Until I read Mr. Sadlier’s essay this morning, I would never have considered using the words “acquiescent” and “pugnacious” in a discussion of successful teaching, but he used them so appropriately in his treatise on the Victorian novelist that I begin wondering whether the good teacher must not always be, you might say,  pugnaciously acquiescent. It’s thought-provoking that the word “acquiesce” derives from the Latin word for “quiet”, for it suggests that an acquiescent person is simply one who finds more reasons for inner peace and quiet than for unease and apprehension.
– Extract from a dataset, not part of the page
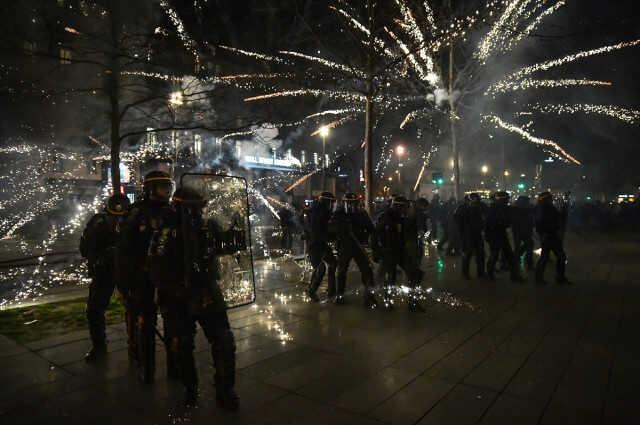 Fransa'da polis müdahalesiyle göstericinin parmağının koptuğu öne sürüldü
The word literally means “to be at rest”, which summons up a picture of a teacher who treats whatever happens in the classroom as a worthy- of-note occurrence that should be quietly welcomed and walked around and appraised. This is a teacher who knows that nothing can be gained by giving battle, but that everything is won through simple acceptance. However, this is not a submissive and spineless acceptance, but rather a pugnacious one – the kind of acquiescence that says, in feisty tones, “Yes, I’m brave enough to say yes to life as it shows itself to me in the classroom, life as it truly is.” It is a courageous kind of acquiescence, more willing to wonder and marvel at the thoughts and deeds of students than to condemn and castigate them. Of course, there will occasions when the students deserve the teacher’s censure for one reason or another, but the censure should be given with the same humble acquiescence -- the same sense of quietly accepting what simply needs to be done. A teacher can be both tough and soft, both stern and merciful. It’s like being sweet-tempered but with boxing gloves on.